ADHD in Girls — Often Missed
Girls with ADHD are diagnosed less often and later than boys — not because they have it less, but because it often looks different. Instead of bouncing off walls, a girl with ADHD may be the quiet daydreamer in the back row: bright, chatty, “spacey,” disorganized, working twice as hard as her classmates to hold it together — and slowly concluding that something is wrong with her rather than with how her brain is being supported.
If your daughter's teachers say “she's so sweet, she just needs to apply herself,” and homework ends in tears, and she's exhausted from masking all day — trust your instinct and ask about an evaluation. You know your child.
Getting a Diagnosis
There is no single blood test or brain scan for ADHD. A diagnosis comes from a careful picture of your child's life: parent and teacher questionnaires, a clinical interview, and a history of how symptoms show up across settings. Here is the usual path:
- 1
Start with your pediatrician.
Describe what you see at home and what teachers report. Ask directly: "I would like my child evaluated for ADHD." Pediatricians can diagnose ADHD or refer you to a specialist.
- 2
Ask the school for an evaluation too — in writing.

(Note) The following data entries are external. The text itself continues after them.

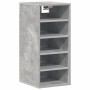 Mueble zapatero madera contrachapada gris hormigón 31,5x35x70cm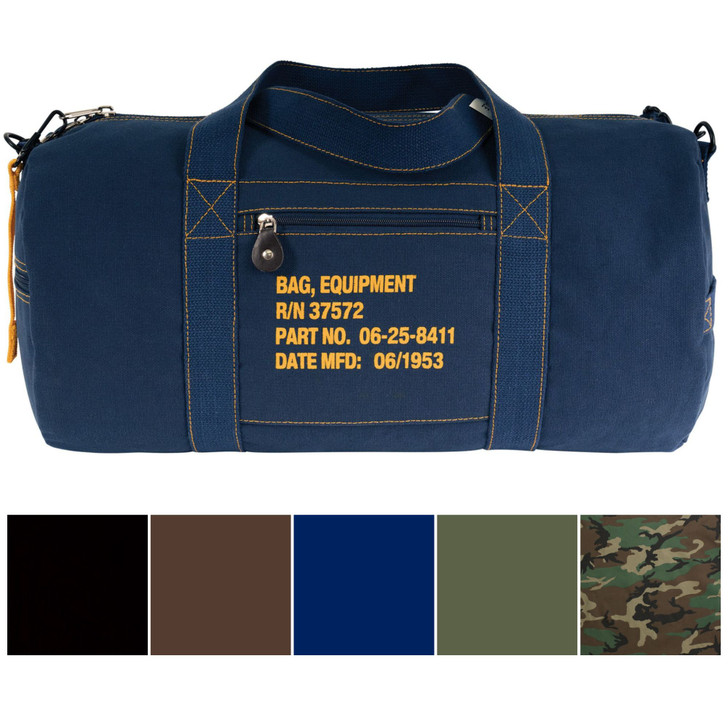 Cotton Canvas Travel Equipment Flight Carry Duffle Shoulder Bag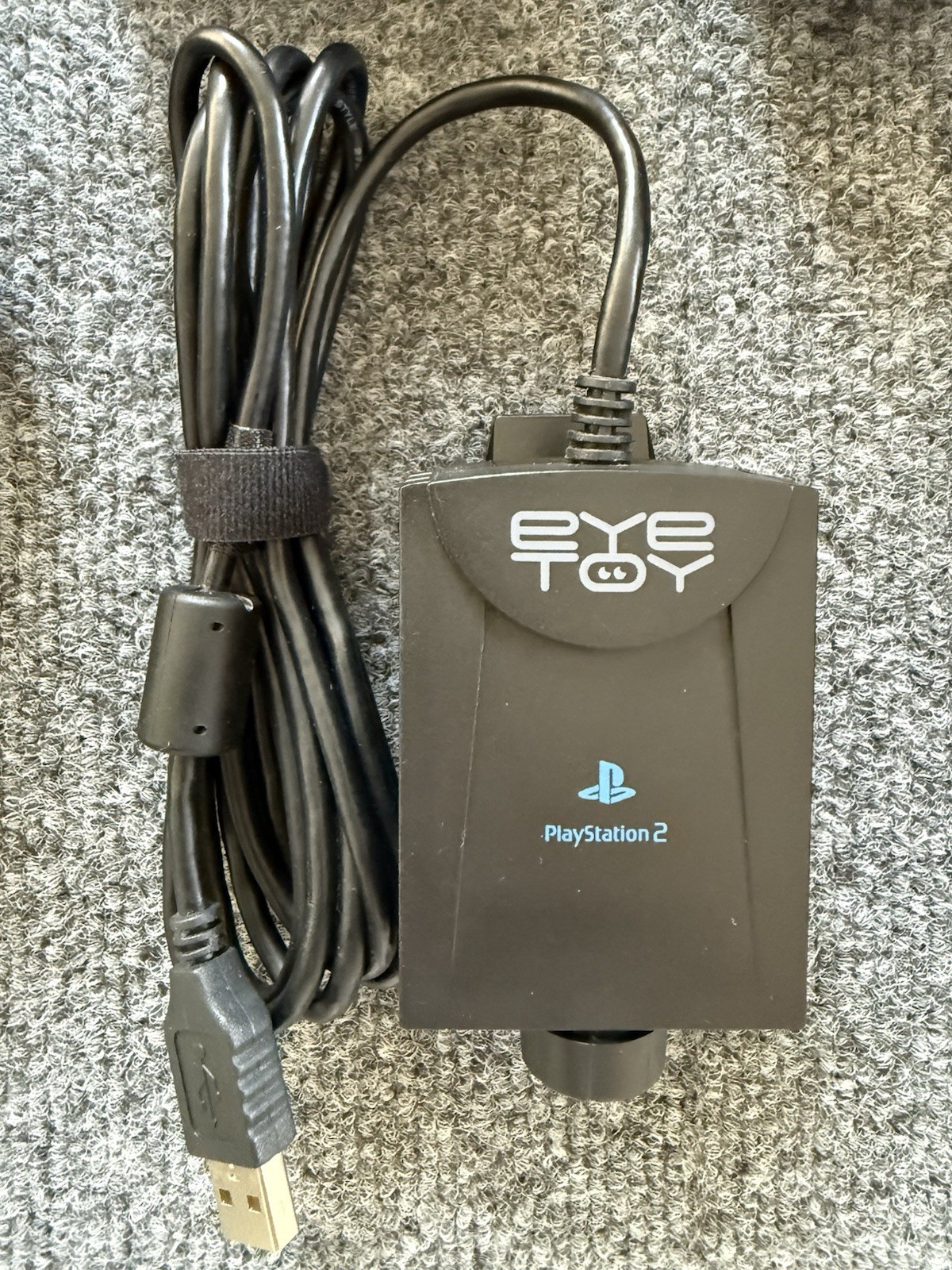 Sony PlayStation 2 PS2 Fat SCPH-30001 Bundle 2 Controllers Multitap EyeToy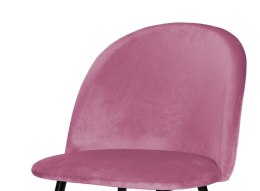 Krzesło barowe GLAM BAR VELVET NICE hoker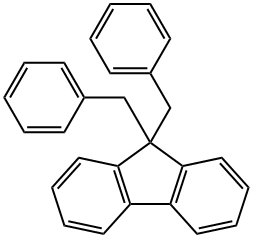 9H-Fluorene, 9,9-bis(phenylmethyl)- Structure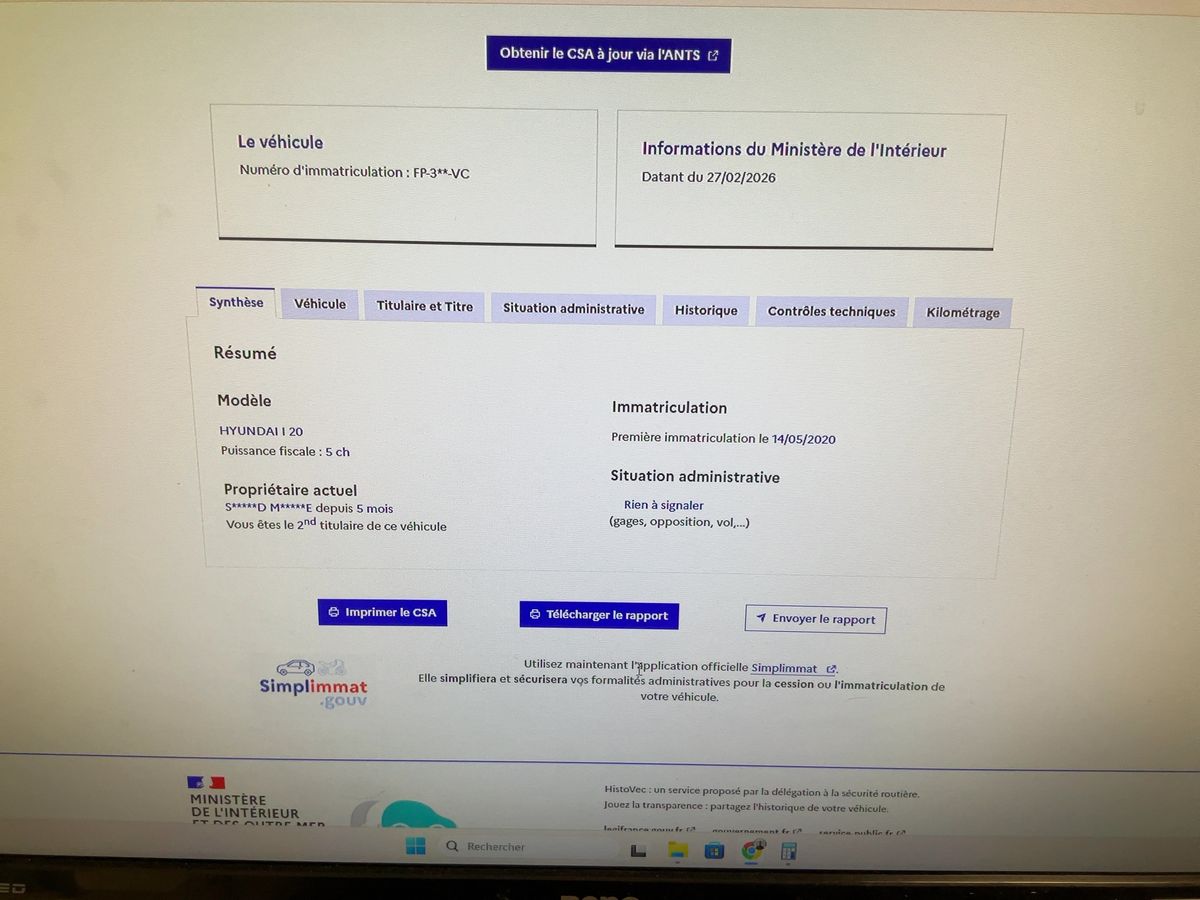 Hyundai i20 d'occasion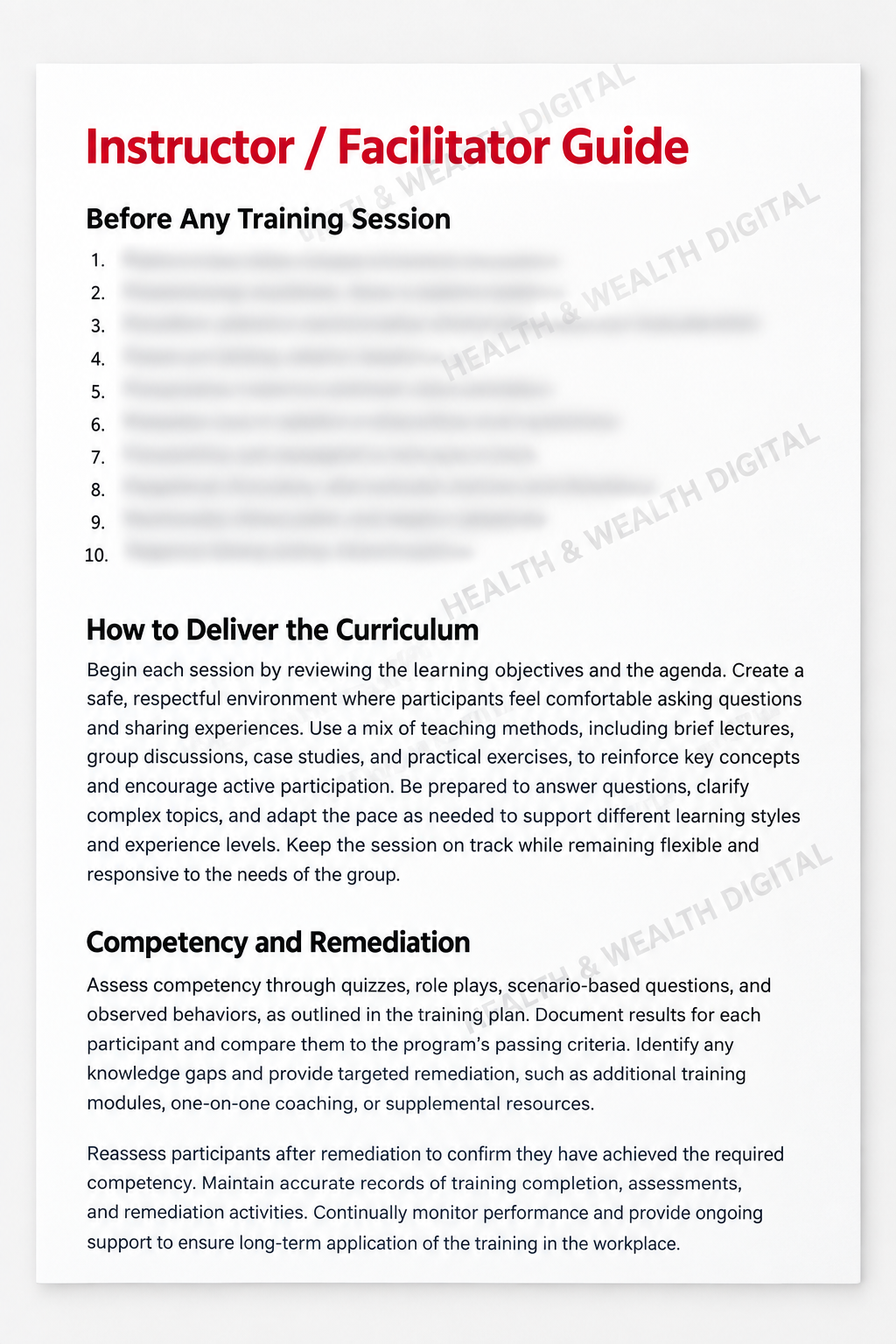 Instructor Guide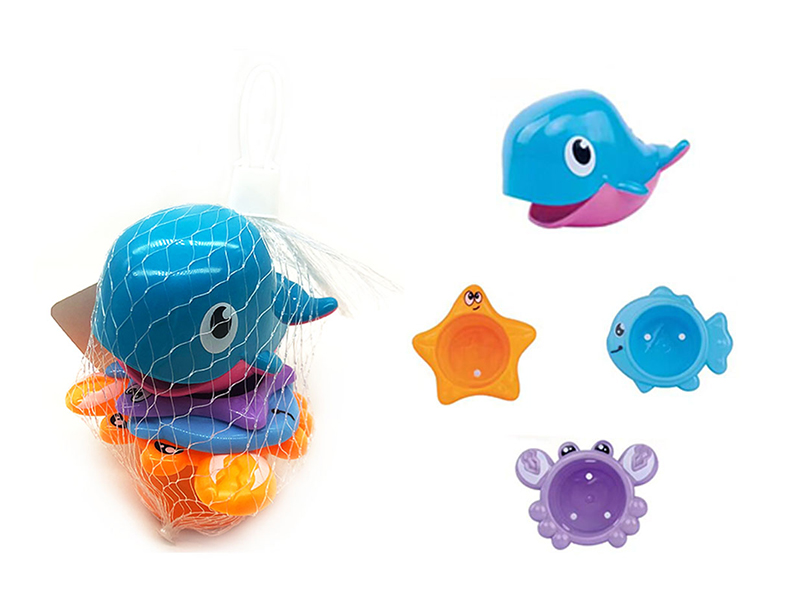 Bathing Folding Cup Combination  4pcs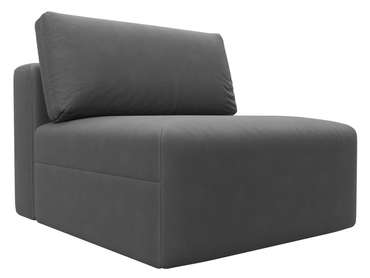 Диван Лига-060 серого цвета (замша)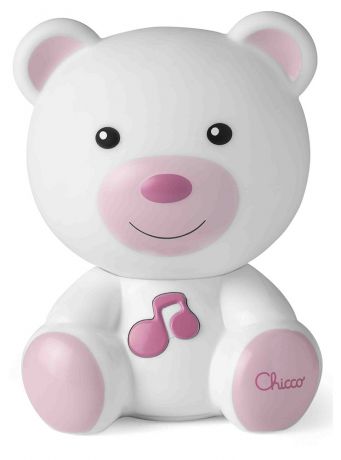 Ночник Chicco «Медвежонок Dreamlight», розовый, с рождения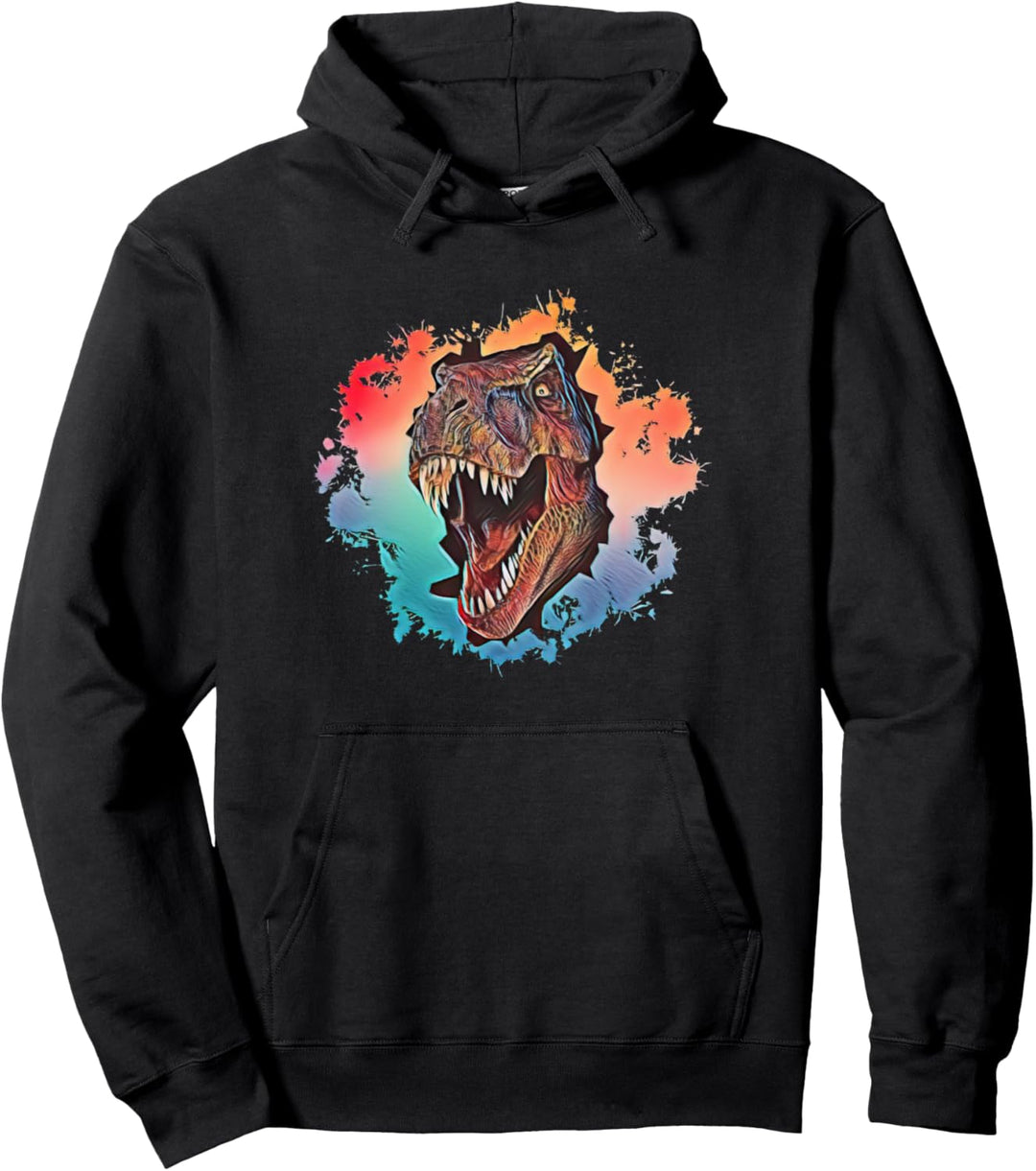 T-Rex Schädel Motiv Tyrannosaurus Rex Urzeit Dinosaurier Pullover Hoodie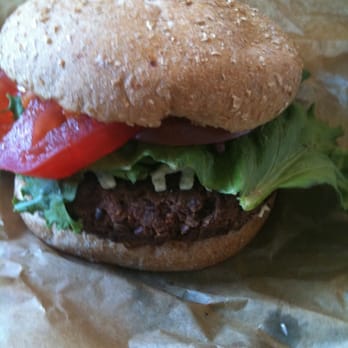 Evolution Fast Food - The swiss bb burger - Vegetarian Near Me - San Diego, California
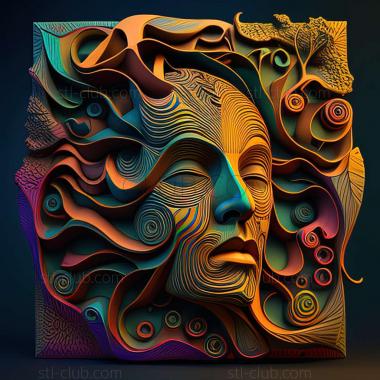 3D model psychedelic (STL)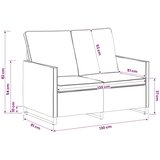  Kauč za dvoje Svjetlosiva 130 x 81 x 82 cm Umjetni sued Slike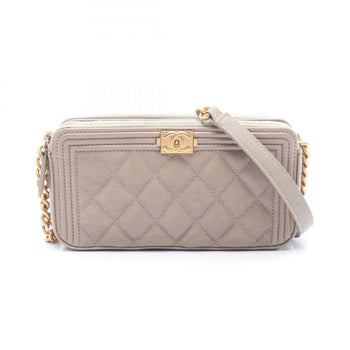 Chanel Boy Chanel Shoulder Bag In Grained Calfskin Leather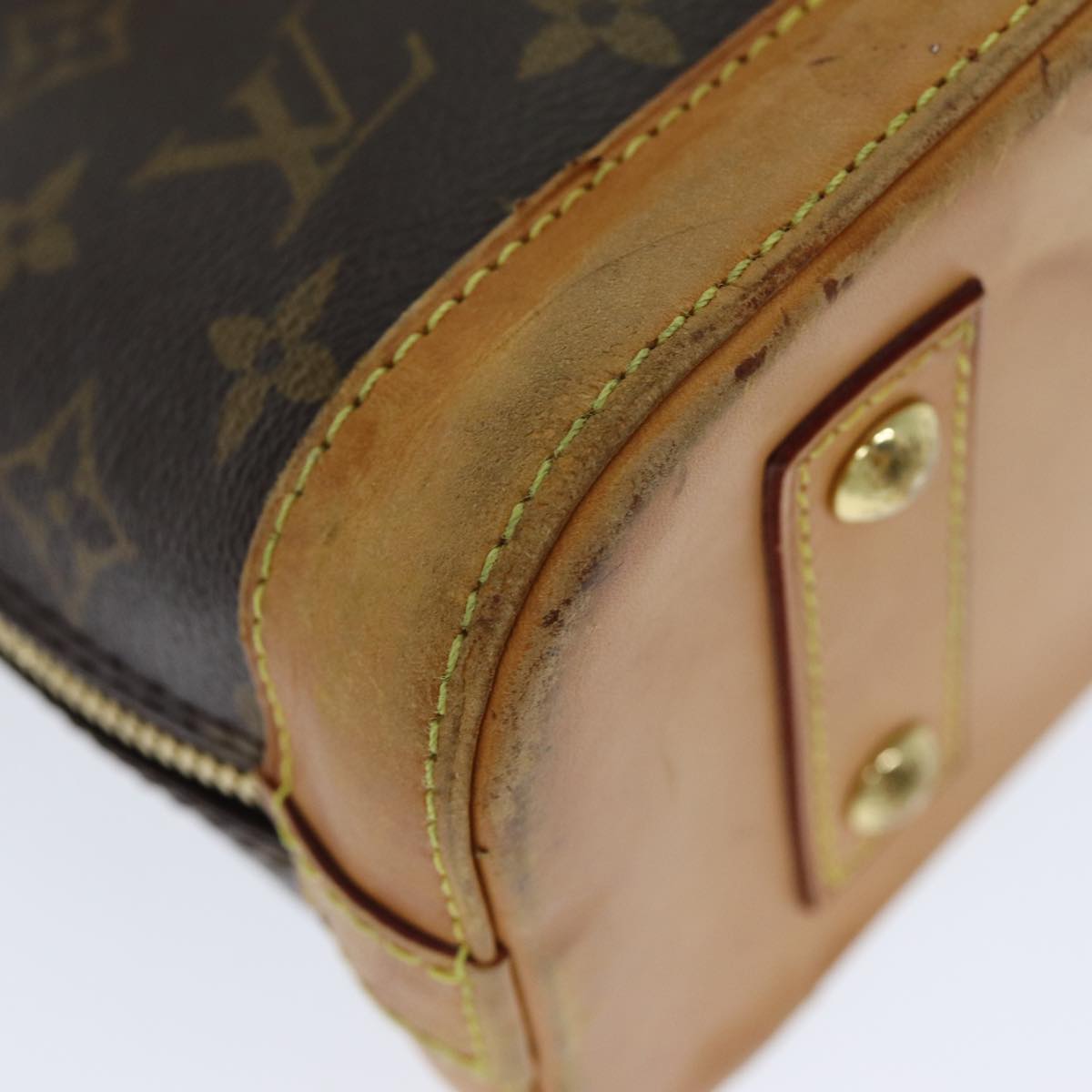 LOUIS VUITTON Monogram Alma BB Hand Bag 2way M53152 LV 81420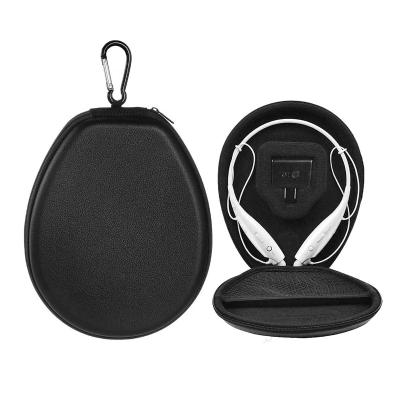 China Protect Carrying Case Compatible With Customized Bluetooth Stereo Wireless Headset PU Travel Storage Cover Device Hard Box Bag for sale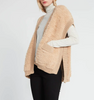 Faux Fur Knit Vest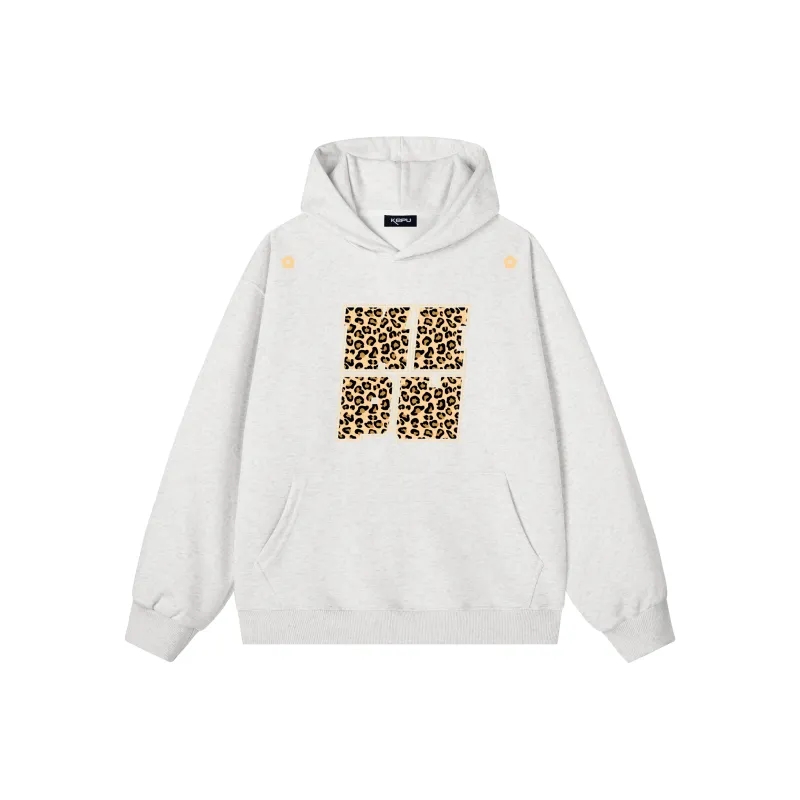 Kepu Sweatshirt Unisex White Heather Gray-4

This is separate from the medical route and it is your legal right. A school evaluation can open the door to an IEP or 504 Plan even before (or without) a medical diagnosis. Our School & IEPs guide walks you through it.
- 3
Bring notes.
Two weeks of quick observations — what happened, when, how long — is worth more than an hour of trying to remember in the appointment.
- 4
You choose what happens next.
A diagnosis is information, not a prescription. Therapy, school supports, coaching, medication — these are options for your family to weigh, at your pace, with providers you trust.
ADHD & Culture
In many families and cultures — including the Latino communities our founder comes from — ADHD carries stigma or simply isn't talked about. A struggling child is called disobedient, distracted, or told they need more discipline. Grandparents may say “we didn't have this in my day.” Some parents fear that a diagnosis will label their child, or that asking the school for help will cause trouble for the family.
We want to say this plainly: seeking support for your child is not weakness, disloyalty, or an insult to your family. ADHD exists in every culture whether or not it is named. Naming it is what unlocks help. And research shows children from underrepresented communities are lesslikely to be offered services — which means your advocacy matters even more. You are not betraying your culture by getting your child support. You are doing what parents in every culture have always done: fighting for your child.
Myths vs. Facts
ADHD is just bad behavior or lazy parenting.
ADHD is a well-documented neurodevelopmental difference in how the brain manages attention, impulses, and planning. It is not caused by parenting — and it does not respond to punishment.
Kids with ADHD just need more discipline.
Stricter discipline does not change how a brain regulates attention. What works is understanding, structure, the right school supports, and — where families choose it — professional care.
ADHD means a child is not smart.
ADHD has nothing to do with intelligence. Many children with ADHD are deeply creative, curious, and capable — they need support with focus and organization, not lowered expectations.
Children grow out of ADHD.
Symptoms often change with age, and many people learn strategies that work for them — but ADHD frequently continues into adulthood. Early support gives children skills that last a lifetime.
If my child can focus on video games, it can’t be ADHD.
ADHD is not the absence of attention — it is difficulty regulating it. Intense focus on highly stimulating activities alongside difficulty with routine tasks is a classic ADHD pattern.